=== WHAT YOU SHOULD DO ===
An exact transcription is needed of the lines below from the one with "Unidelta trójnik redukcyjny" through the one with "Générique Knee Assistive", with no other lines and no pictures.

=== EXERCISE DATA ===
========================================
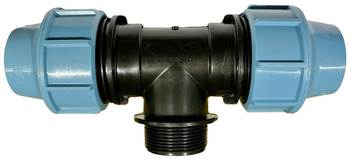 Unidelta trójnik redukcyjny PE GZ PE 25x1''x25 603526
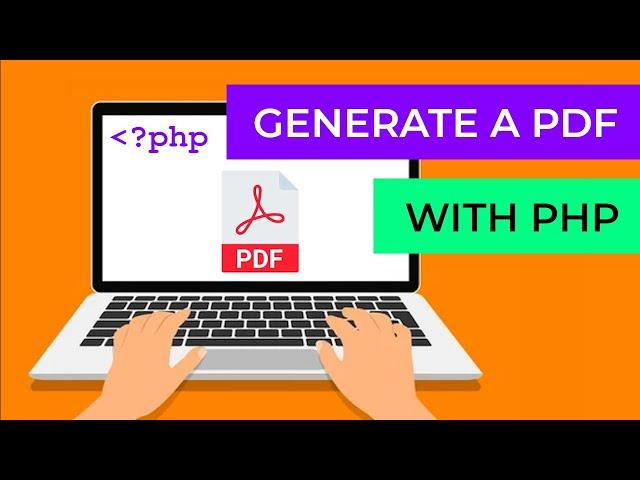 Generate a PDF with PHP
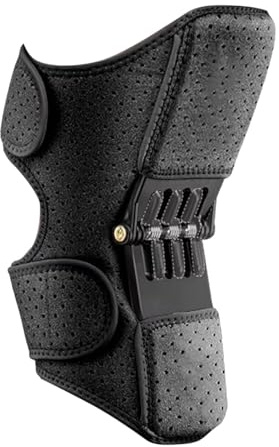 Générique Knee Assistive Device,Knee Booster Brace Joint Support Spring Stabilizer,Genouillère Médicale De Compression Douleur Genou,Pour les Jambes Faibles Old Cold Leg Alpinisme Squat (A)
========================================
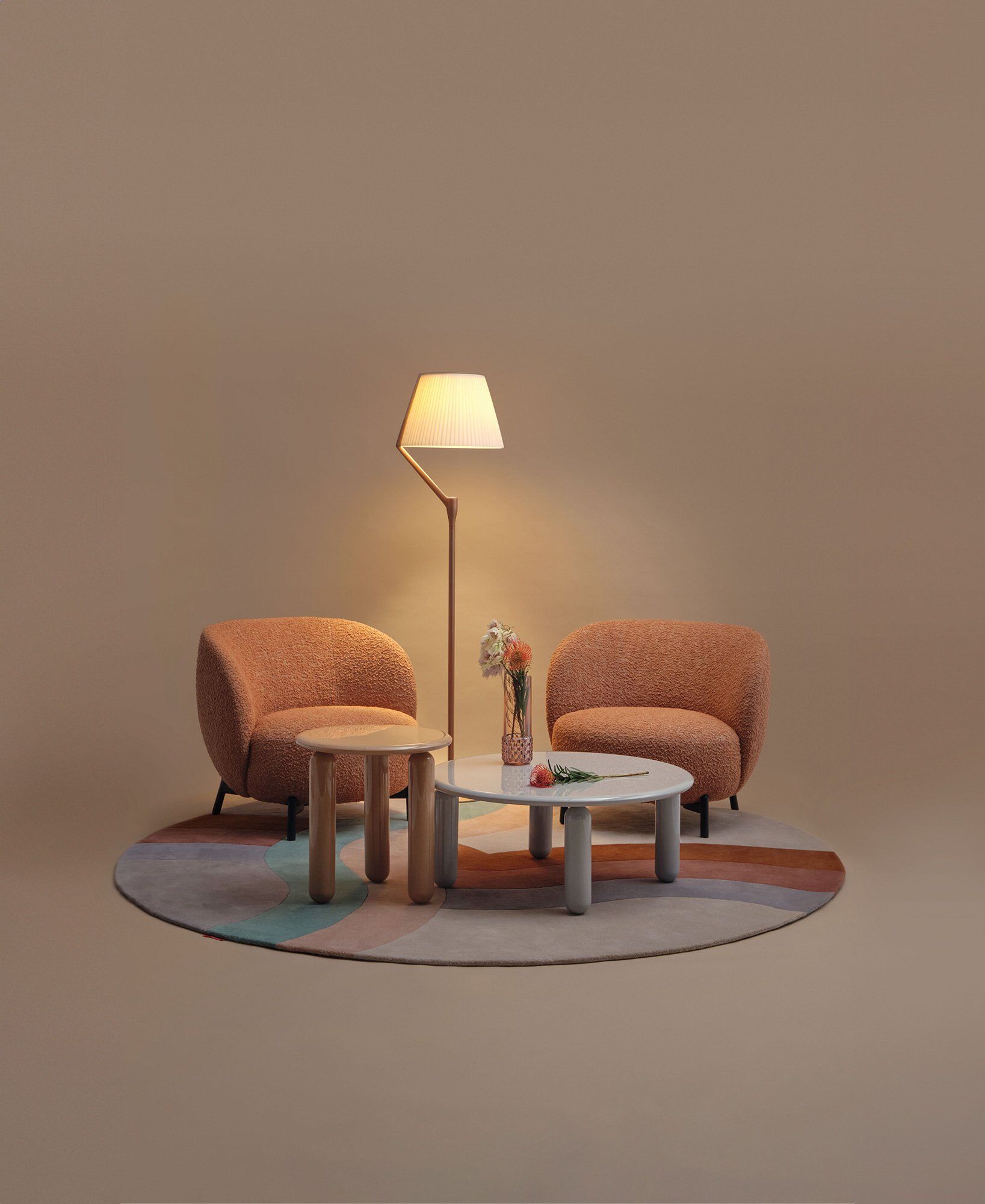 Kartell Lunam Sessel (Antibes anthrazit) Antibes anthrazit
========================================
=== SOLUTION BELOW ===
 Unidelta trójnik redukcyjny PE GZ PE 25x1''x25 603526
 Generate a PDF with PHP
 Générique Knee Assistive Device,Knee Booster Brace Joint Support Spring Stabilizer,Genouillère Médicale De Compression Douleur Genou,Pour les Jambes Faibles Old Cold Leg Alpinisme Squat (A)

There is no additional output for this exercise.